Attribution de noms de domaines, hébergement de serveurs et de réseaux de connexions : les États-Unis jouent en effet un rôle central sur la gouvernance d'internet.

«Notre critique est liée au fait que l'internet est dépendante des États-Unis, les serveurs racines (du DNS pour l'attribution des noms de domaines de sites ou serveurs) sont tous dans l'hémisphère nord (USA-9, Japon-1, Europe-3)», expliquait récemment le ministre brésilien de la Communication Paulo Bernardo, appelant de ses voeux des solutions dans l'hémisphère sud.

L'ICANN au coeur des débats

Après les révélations de M. Snowden, Dilma Rousseff avait ainsi proposé un contrôle multilatéral de l'utilisation d'internet devant l'Assemblée générale de l'ONU en septembre 2013.

Dans un projet de résolution qui sera soumis aux gouvernements, associations et organisations diverses de 87 pays participant au NETmundial, les organisateurs indiquent que la «gouvernance doit être ouverte, participative, multipartite, technologiquement neutre, sensible aux droits de l'homme et fondée sur des principes de transparence, de responsabilité».

Exposé aux critiques, Washington a déjà annoncé le mois dernier être disposé à lâcher du lest.

Le gouvernement américain, qui a confirmé l'envoi d'une délégation à Sao Paulo, a indiqué qu'il était prêt à abandonner au profit d'une gouvernance mondiale son rôle dans la supervision de l'Icann, un organisme fondamental de l'Internet.

Créé en 1998, l'«Internet Corporation for Assigned Names and Numbers» délivre les noms de domaine sur internet, comme .com ou .gov.

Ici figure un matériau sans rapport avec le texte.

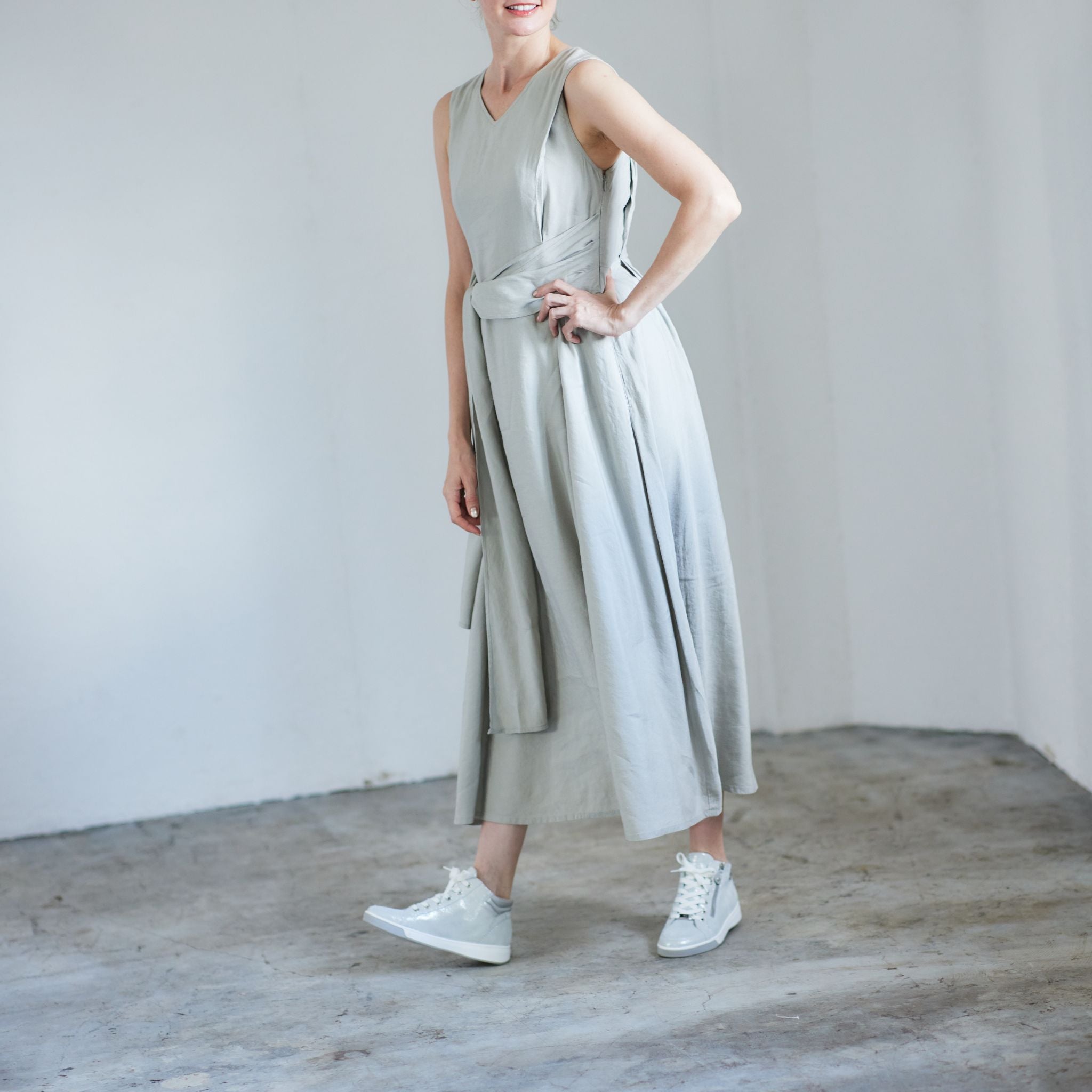 ROM スニーカー ハイカットスニーカー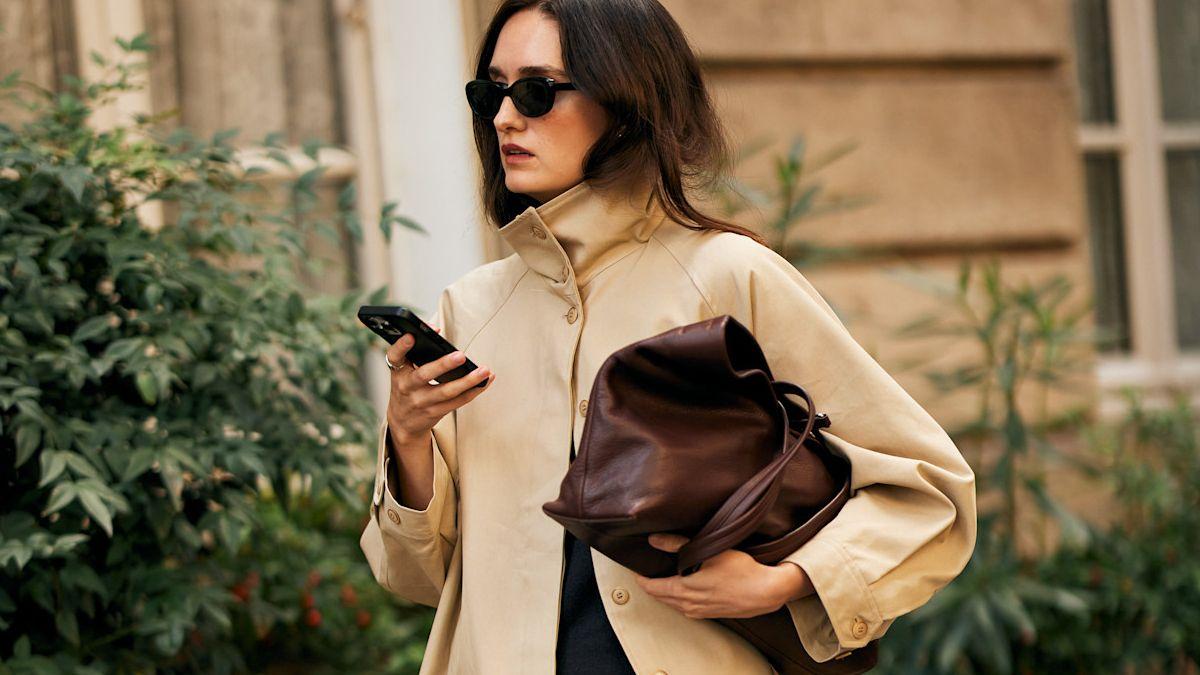 Bolsas Elegant 2024 De Cuerpo Cruzado: Bolsos De Hombro De Cuero
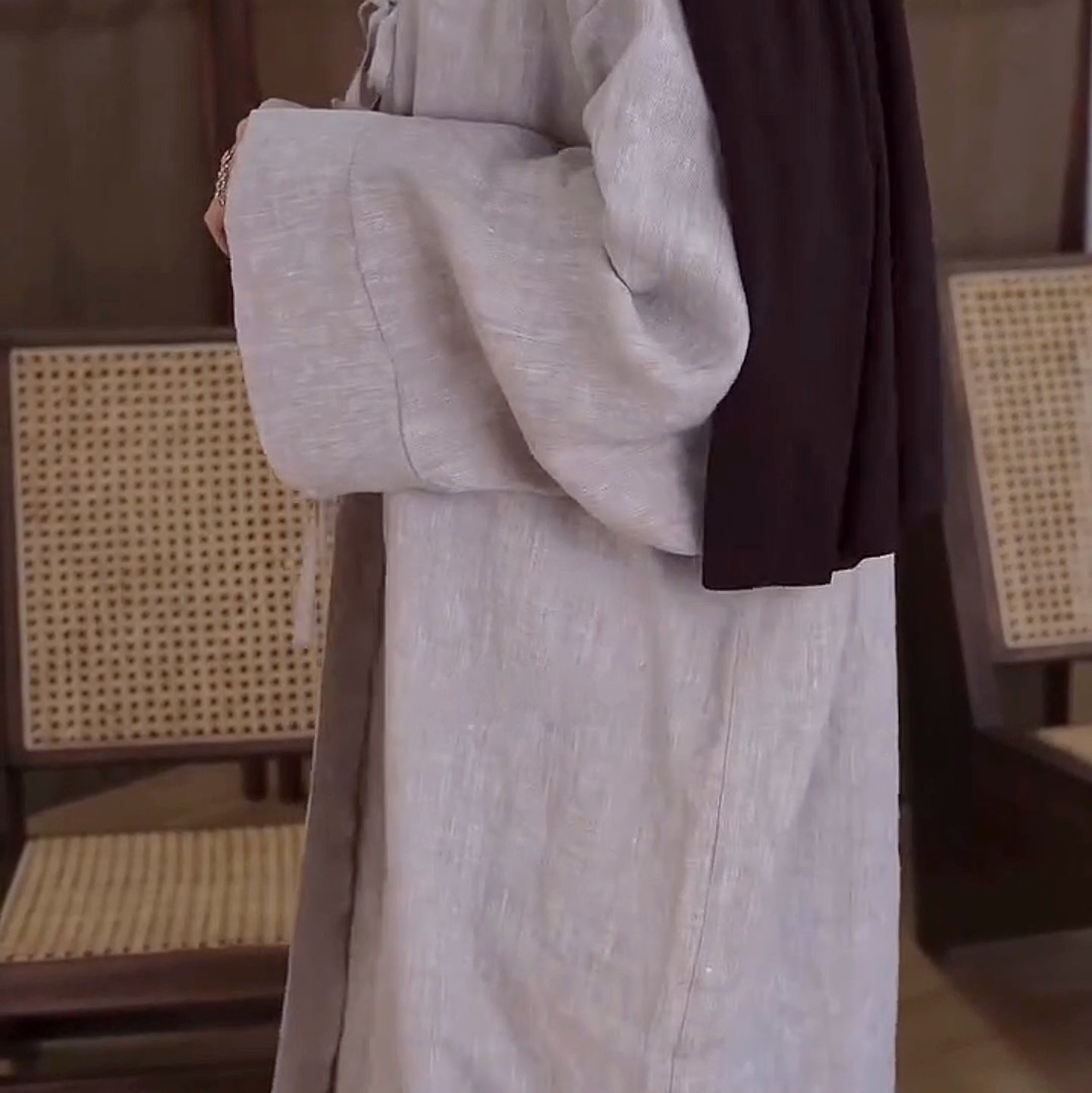 Hidjab deux pieces - Image 3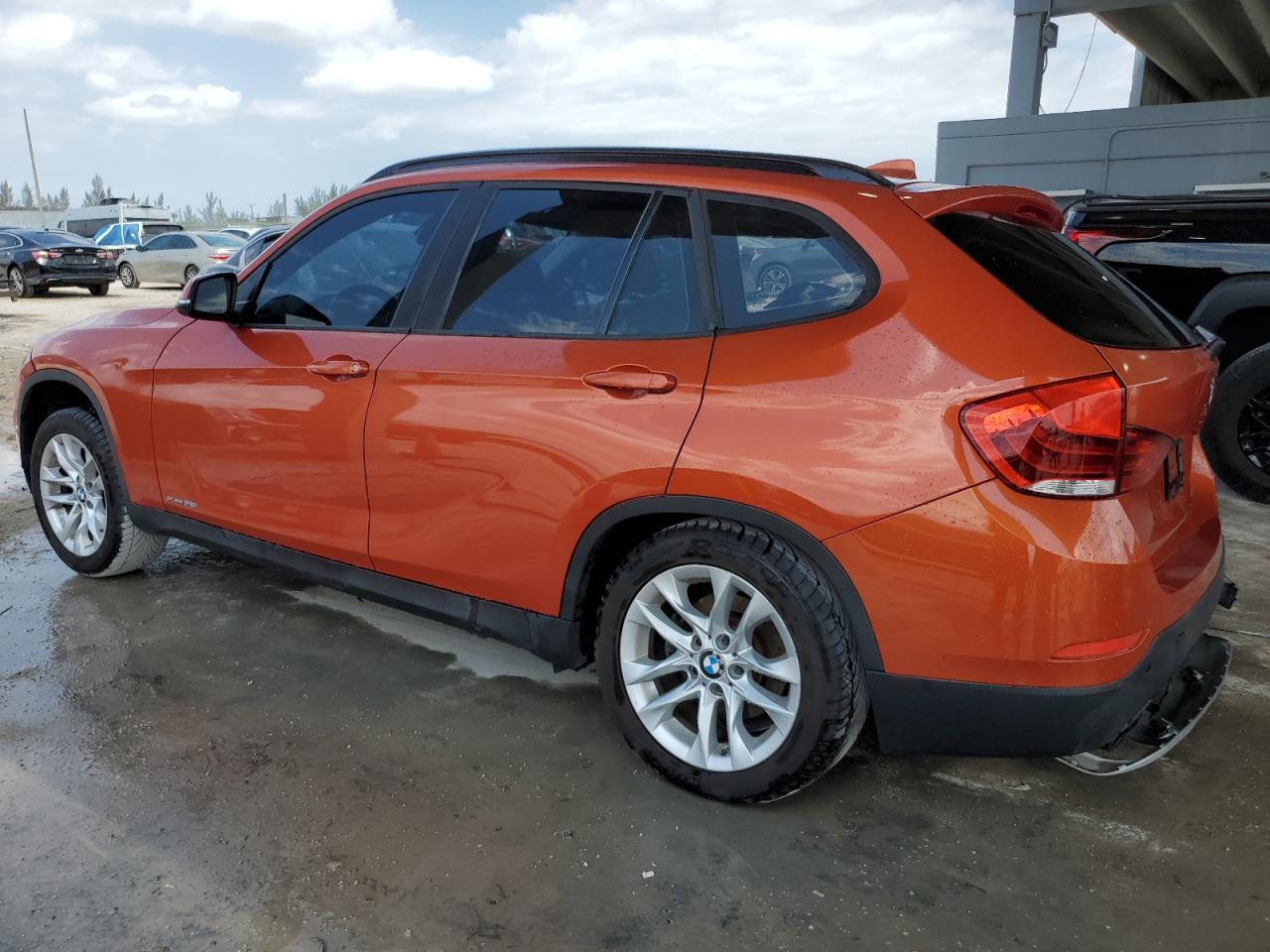 2015 BMW X1 xDrive28i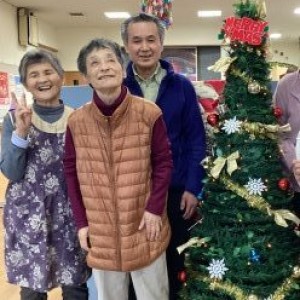 クリスマスツリー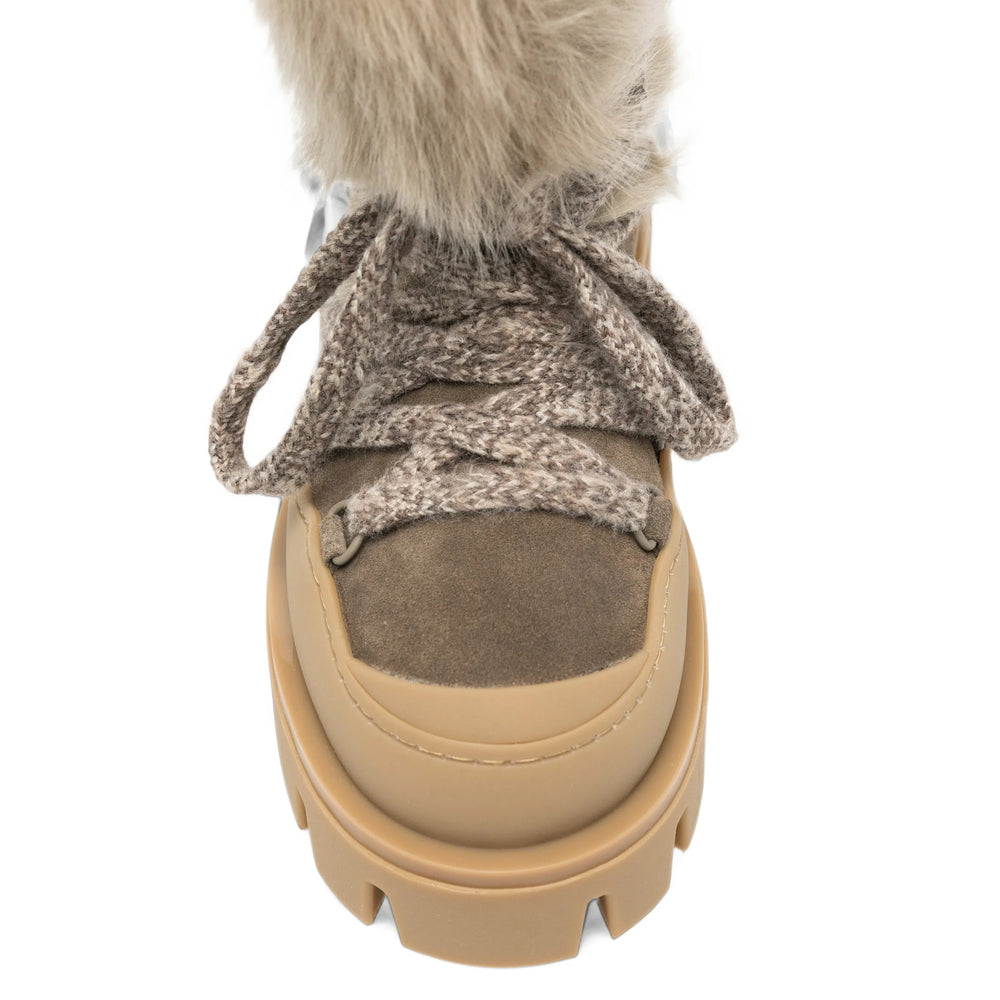 Moncler Brown Shoes Women MONCLER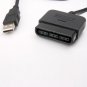 PS2 To PS3 PC Game Controller Converter Adapter USB Port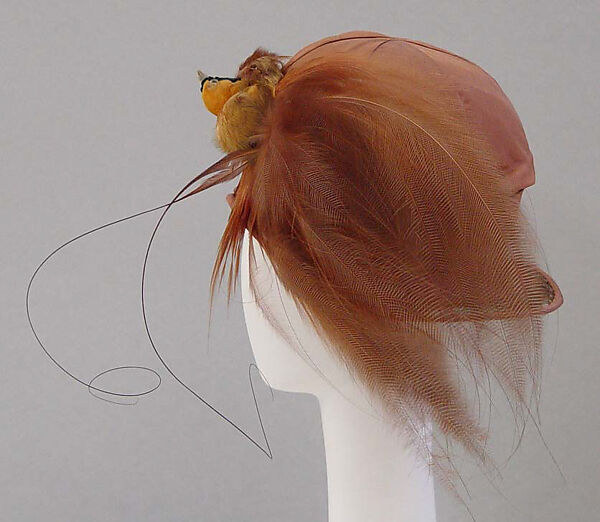 Hat, [no medium available], American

Il a son siège en Californie et relève à ce titre, en dernière instance, du département du Commerce américain.

L'Icann elle-même et un certain nombre de pays regrettent que cette institution soit perçue comme une entité occidentale et souhaitent un contrôle multilatéral. Sa transition vers un nouveau statut est déjà engagée avec janvier 2015 comme échéance.

Pour le président de l'Icann Fadi Chehadé, la responsabilité des gouvernants devra être limitée. Le mois dernier à Singapour, il a prévenu que son organisme excluait d'ores et déjà de confier «une part importante de (sa) mission à un gouvernement, un groupe de gouvernements ou une organisation inter-gouvernementale».

Concernant l'enjeu de la confidentialité proprement dite, principal cheval de bataille du Brésil depuis l'affaire Snowden, Brasilia a pris les devants au plan national en adoptant fin mars une loi qui garantit «la protection de la confidentialité de l'usager contre toute violation ou utilisation indue des données des internautes brésiliens».

«Après ce qu'il s'est passé avec Snowden, il s'est produit un changement dans la perception d'internet par le grand public et la nécessité d'un changement est apparue», souligne le ministre brésilien Paulo Bernardo.